Authors: T. Lynn Ocean
Spud’s mouth worked some more.
I tried not to laugh. “Spud, how much was the repair bill for Fran’s Vespa scooter?”
“Almost six hundred dollars, for crying out loud. The Vespa dealer said the whole front fender and tire had to be replaced. And he claimed that my mannequin’s arm scratched the little windshield, too.”
“Well,” I said, “you got out of that one by dating Fran, so she’d pay the bill.”
“Woman’s loaded,” Spud reasoned. “She can afford it.”
“My point is, maybe you should go talk to the owner of the range. It’s a woman, right? Ask her out. Maybe your dating charms will work a second time.”
Ox smiled at me from behind the bar. Dirk ate his fish. Spud’s face grew red. Sally, the magazine lady, walked in and spotted my father. Rushing over, she greeted him warmly and asked if his sunburn hurt.
“He’s not sunburned,” Dirk said. “He’s just red from the heat.
Spud has been outside putting the finishing touches on … what’s your new sculpture called?”
“Nature’s Wrath,”
Spud muttered.
“It’s striking, Spud,” Sally said. “I don’t love it as much as the other one,
Road Rage
, but it certainly does make a statement.”

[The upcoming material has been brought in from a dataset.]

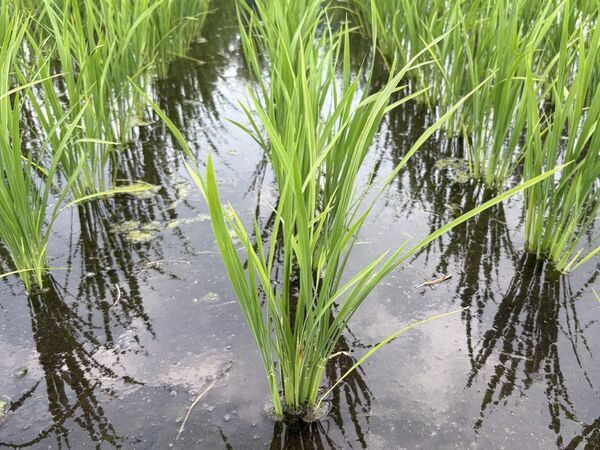 米粉と水のチカラで地域を守る　熊本製粉のサステナブルな挑戦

Spud’s color, starting as his forehead, inched its way back to normal. “Thanks.”
The local contracted photographer arrived shortly after Sally and the three of them went outside to gaze at the alligator. I caught a glimpse of Spud posing between the two heaps of scrap when Ruby called my name. Somebody was looking for Spud, she said, and the visitor had come through the side door so he hadn’t seen see the trio.
“I’m his daughter,” I told the man. “Can I help you?”
Dressed in casual business attire, he looked to be in his fifties, and like everyone else entering the Block, his clothes stuck to his body. Overhead, all the fans spun at full blast.
“I’m here from the insurance agency to look at Mr. Barnes’ Chrysler LHS.” He handed over a business card that declared him to be a senior insurance adjuster. “It’s my understanding that the other adjustor wasn’t quite sure what to make of the vehicle, so the case was assigned to me. Once I see the vehicle, we can get your father paid.”
Smiling, I led the man outside.
Dirk followed me. “Oh, this is going to be good.”
“Got to see this,” Ox agreed. Ruby came, too, along with a few regulars who’d been keeping up with Spud’s blooming art career.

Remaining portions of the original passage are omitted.